Pretoria: The South African Revenue Service (SARS) has welcomed Finance Minister Enoch Godongwana’s Medium-Term Budget Policy Statement (MTBPS), delivered on Wednesday, showing that the revenue service collected over R900 billion in revenue. By 30 September 2025, SARS had collected a net revenue of R924.7 billion, drawn from gross collections of R1 157.6 billion and refund payments of R232.9 billion. This marks year-on-year growth of R78.6 billion and an overall surplus of R18 billion against the printed estimates, indicating a promising trajectory for the second half of the financial year. Nearly 50% of the better than estimated performance came from compliance efforts.
According to South African Government News Agency, in its statement, the revenue service welcomed the tabling of the MTBPS and the Minister’s revision of the 2025 Budget net tax-revenue estimate, from R1 985.6 billion to R2 005.3 billion. Commissioner Edward Kieswetter expressed SARS’s support for the Minister’s statement, which charts a clear and pragmatic roadmap for South Africa’s fiscal sustainability. The MTBPS sets out measures to strengthen the country’s economic resilience. SARS is committed to supporting these objectives by focusing on robust revenue collection, improved compliance, and trade facilitation through consistent effort and operational excellence.
SARS’s compliance programme continues to deliver results. In the same period, SARS secured R131.6 billion from compliance activities, up from R122.6 billion in the previous year. Debt collections reached R47.1 billion, an increase of R3.3 billion (7.5%), reinforcing SARS’s contribution to the national fiscus. The revenue service credited its achievement to the effort of its employees and compliant taxpayers. The Commissioner highlighted the dedication of SARS employees and the contribution of compliant taxpayers as key factors in strengthening South Africa’s fiscal outlook.
Building on this momentum, revenue collection has shown resilience across major tax categories. Collections from Corporate Income Tax (CIT), PAYE, Dividends Tax, Domestic VAT, General Fuel Levy (Imported), as well as lower-than-estimated VAT-refund payments, consistently outperformed expectations. Year-to-date CIT Provisional Tax payments amounted to R164.5 billion, growing by R14.2 billion (9.5%) and exceeding the printed estimates by R4.7 billion (3.0%). Collections were boosted by invoking Paragraph 19(3) that yielded an additional R10.0 billion with major contributions from companies in the Mining and Finance sectors.
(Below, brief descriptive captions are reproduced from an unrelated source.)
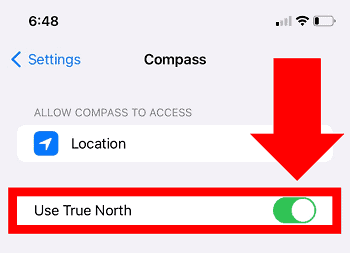 Enable iPhone Compass True North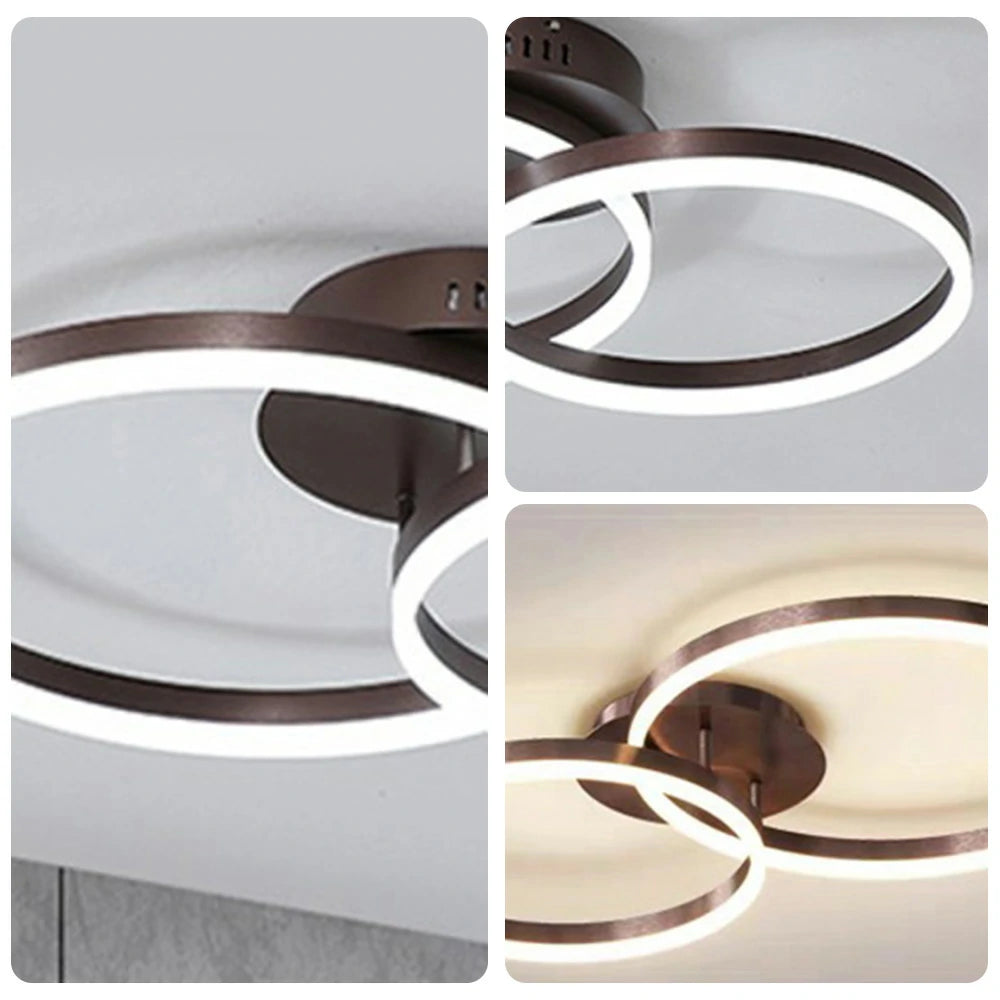 LIVARA Modern Double-Ring LED Ceiling Light 30/40/50cm Natural Light, Aluminum Frame & Acrylic Shade Flush Mount Lamp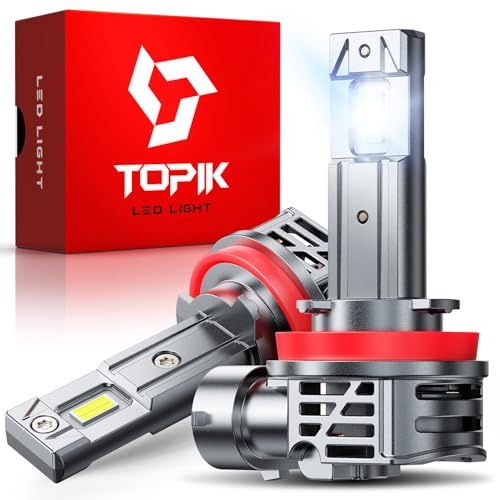 TOPIK H11 H8 H9 Bulbs, 32,000LM Brighter 6500K Cool White, Anti-Flicker, 50,000Hrs Lifespan, H8/H9 Light Compatible for Cars Trucks SUVs, Pack of 2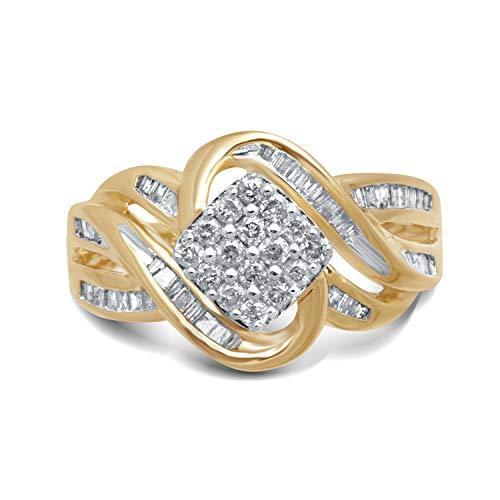 Jewelili 10k Yellow Gold 1/2 Cttw Baguette and Round Natural White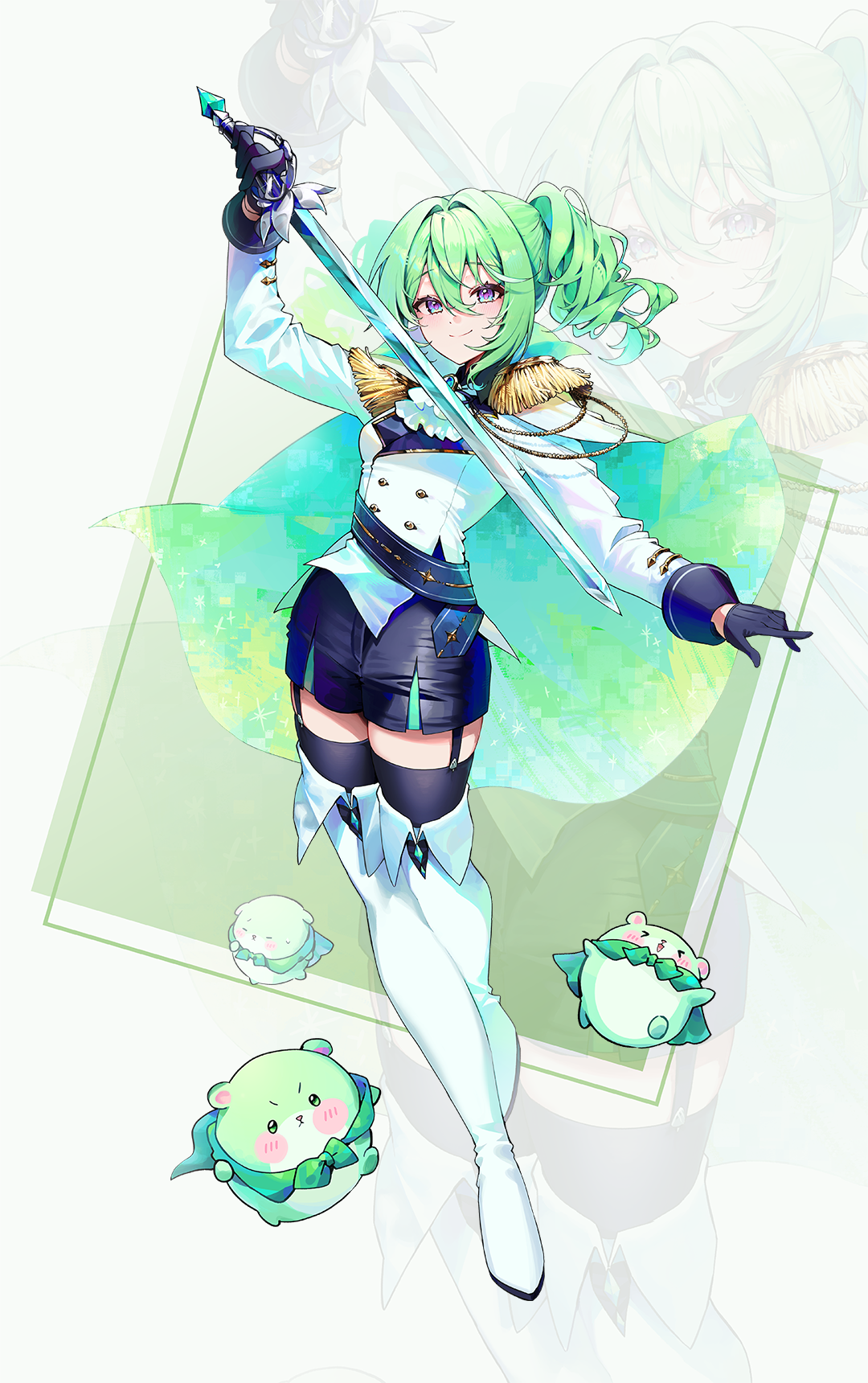 46 coffee, chico (yuzuha riko), yuzuha riko, stellive, commentary, highres, 1girl, ascot, black gloves, black shorts, black thighhighs, blue eyes, boots, buttons, cape, closed mouth, double-breasted, full body, garter straps, gloves, gradient eyes, green cape, green hair, holding, holding sword, holding weapon, multicolored eyes, shirt, shorts, sword, thigh boots, thighhighs, twintails, two-sided cape, two-sided fabric, virtual youtuber, weapon, white ascot, white boots, white cape, white shirt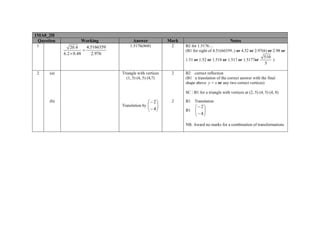 1MA0_2H
Question
1

Working
4.5166359
20.4
=
2.976
6.2 × 0.48

Answer

Mark

Notes

1.5176(868)

2

B2 for 1.5176…
(B1 for sight of 4.51(66359..) or 4.52 or 2.97(6) or 2.98 or
1.51 or 1.52 or 1.518 or 1.517 or 1.5177or

2

(a)

Triangle with vertices
(1, 5) (4, 5) (4,7)

2

510
)
5

B2 correct reflection
(B1 a translation of the correct answer with the final
shape above y = x or any two correct vertices)
SC : B1 for a triangle with vertices at (2, 5) (4, 5) (4, 8)

(b)

⎛ − 2⎞
⎟
⎟
⎝ − 4⎠

Translation by ⎜
⎜

2

B1

Translation

B1

⎛ − 2⎞
⎜ ⎟
⎜ − 4⎟
⎝ ⎠

NB. Award no marks for a combination of transformations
PAYE collections of R371.0 billion recorded growth of R30.9 billion (9.1%) against the prior year and exceeded the printed estimate by R3.2 billion (0.9%). The growth was driven mainly by payments from employers in the finance and community sectors. Tax proposals announced at Budget 2025 included no inflationary adjustments to Personal Income Tax (PIT) tax brackets and rebates, measures expected to yield R16.7 billion for the full year. Dividend tax collections amounted to R22.3 billion, growing by R5.3 billion (31.0%) against the prior year and recording a surplus of R4.6 billion (25.7%) against the printed estimates.
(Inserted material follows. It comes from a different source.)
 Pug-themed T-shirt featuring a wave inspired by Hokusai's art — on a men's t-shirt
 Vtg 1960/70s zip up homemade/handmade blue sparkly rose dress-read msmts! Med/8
Domestic VAT collections totaled R292.7 billion, representing a year-on-year increase of R21.1 billion (7.8%). This was driven mainly by growth in the finance, wholesale and retail, and manufacturing sectors, partially offset by the transport sector. Year-to-date Domestic VAT collections exceeded the printed estimates by R5.2 billion (1.8%).
Import VAT underperformed by R3.7 billion due to lower growth in the value of imports. Lower than expected VAT refund payments, totaled R183.9 billion, or a marginal increase of R0.2 billion (0.1%) from the prior year. General Fuel Levy collections of R44.7 billion were R2.1 billion (5.0%) higher than in the prior year and exceeded the printed estimates by R2.3 billion (5.3%).
SARS said these surpluses were partially offset by lower-than-expected collections from PIT Provisional taxes, PIT Assessments, and Customs taxes; as well as higher-than-estimated PIT refund payments. PIT Refunds of R32.2 billion recorded growth of R4.5 billion (16.2%) against the prior year and exceeded the printed estimates by R1.4 billion (4.4%). Additionally, 7.3 million PIT returns were received, with 5.7 million returns being auto-assessed.
Commissioner Kieswetter reaffirmed SARS’s commitment to building a smart, modern institution anchored in integrity and trust. SARS aims to advance national fiscal goals in the face of challenges such as debt, unemployment, and inequality. To support these efforts, Minister Godongwana allocated an additional R7.5 billion to SARS over the Medium-Term Expenditure Framework.